These were the first words of the man holding the kalashnikov—an automatic rifle. He blocked my mother from moving any closer. Through a veil of tears, I watched the two men standing over the woman on the ground. She was having a seizure.

“She’s going to die,” my mother pleaded, beads of sweat appearing on her upper lip.

“Then let her die,” the man in fatigues said simply. A newborn kitten’s cries filled the air.

Now this wasn’t a scene from some amped-up high school play or a war story from a faraway land. This was my front yard right after a birthday party. A birthday party!

You see, a few years before, the people of Iran had decided that their government wasn’t working for them. They were tired of their country being “weak.” They wanted independence from foreign-owned companies. They wanted freedom. And they wanted God to guide their laws.

Don’t judge them too harshly. After all, they’d had it up to here with the fear of tyranny, the status quo, and a government that wasn’t listening to them. So they put an outsider in charge of the country.

The man in charge promised more freedom than we would know what to do with. He promised more jobs. He promised to end corruption and to clean the swamp. What we didn’t know was that our revolt against the establishment was going to set us back 1,400 years.

It started with a murmur of worry, a tiny fracture in our boundless optimism.
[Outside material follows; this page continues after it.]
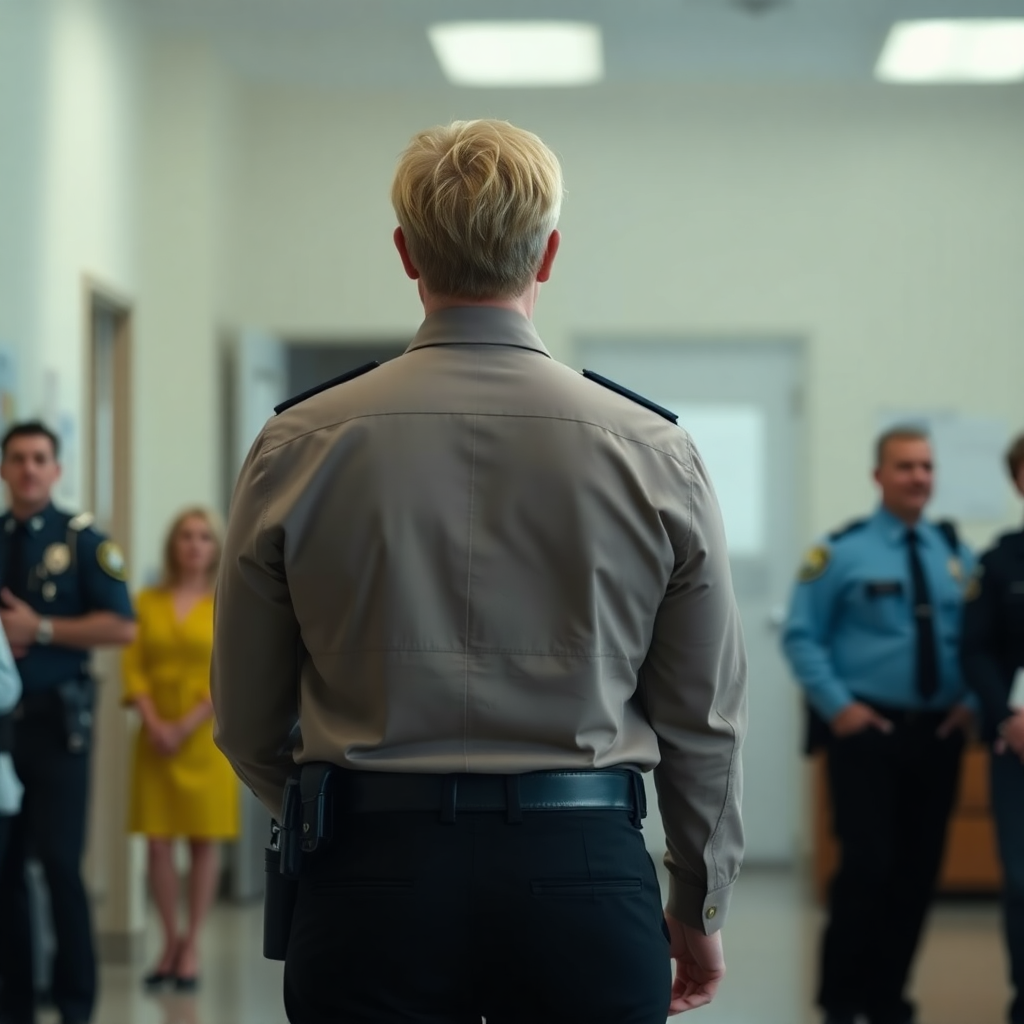 (Reflection) This officer will use the law to protect Mitchell from being treated like a child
Whispers surfaced that opposing views wouldn’t be tolerated by our new government. Surely that was paranoid nonsense, we thought, but before we could remember former civil rights, newspapers were shut down and people of a certain religion were targeted as the enemy of the state. Those who rose to the position of power were tragically similar in their rampant sexism, fanaticism and lack of qualification.

Women’s rights were cut in half and just like that, half the population became second-class citizens. When women took to the streets to protest, they were tear gassed, hit over the head with batons and jailed. The men who stood up for those women were also hit, maybe even more severely, and jailed. In a corner, Margaret Atwood stood silently and took notes for her Handmaid’s Tale.

When we were in the throes of a war and getting killed by the thousands every day, it occurred to us that we had signed up for this change without reading the fine print: Membership is limited. Transaction fees are variable. Certain restrictions apply.

What kind of restrictions?

Unbelievable ones such as hosting and attending a normal birthday party. The woman shaking on the ground was, by the way, our neighbor, who was terminally ill with Lymphoma. She had gathered all her strength to throw her 16-year-old an illegal birthday party. Why was it illegal? Because it allowed the guests the luxury to imagine that they were free to do as they pleased.

Earlier that night, I sat in the corner of her house as the guests, who had momentarily left their woes behind, were busy laughing and dancing. But I couldn’t enjoy myself. A bad feeling was burning in my stomach, pinning me to the chair. At age 11, while girls on the other side of the world bragged about their latest piercings, I was sporting an impressive hole in my stomach that kept me up at night. This ulcer didn’t afford me any bragging rights, but it dutifully warned me of all things that could go wrong. And at that party, there were plenty of things that could go wrong: Unrelated men and women in the same room, check. A vodka bottle, check. Dancing, check. Music, check.

In what nightmarish inferno was music illegal?

We often revisited the fantasy that this was a just a bad dream. It was as if the baby we had so desperately hoped for had turned into a vengeful, erratic monster. Protestors were labeled as terrorists and punished by the “Unscrupulous Activities Committee.”

We weren’t even allowed to talk about injustices. Disagreements between family and friends became weaponized and they turned against one another. Some began using weather as a code for their anxiety about the state of affairs. Soon the men in fatigues came after those who asked the question: “Do you think the weather will change?” And then we watched in horror as scores of people were tortured and executed without trial.

We tried to choose our battles. With our ideals and dreams about freedom dead and buried and an actual war raging, we could feel death’s cold kiss on our necks. So why not risk and squeeze a little joy out of this miserable horror show called life? Why not have a party?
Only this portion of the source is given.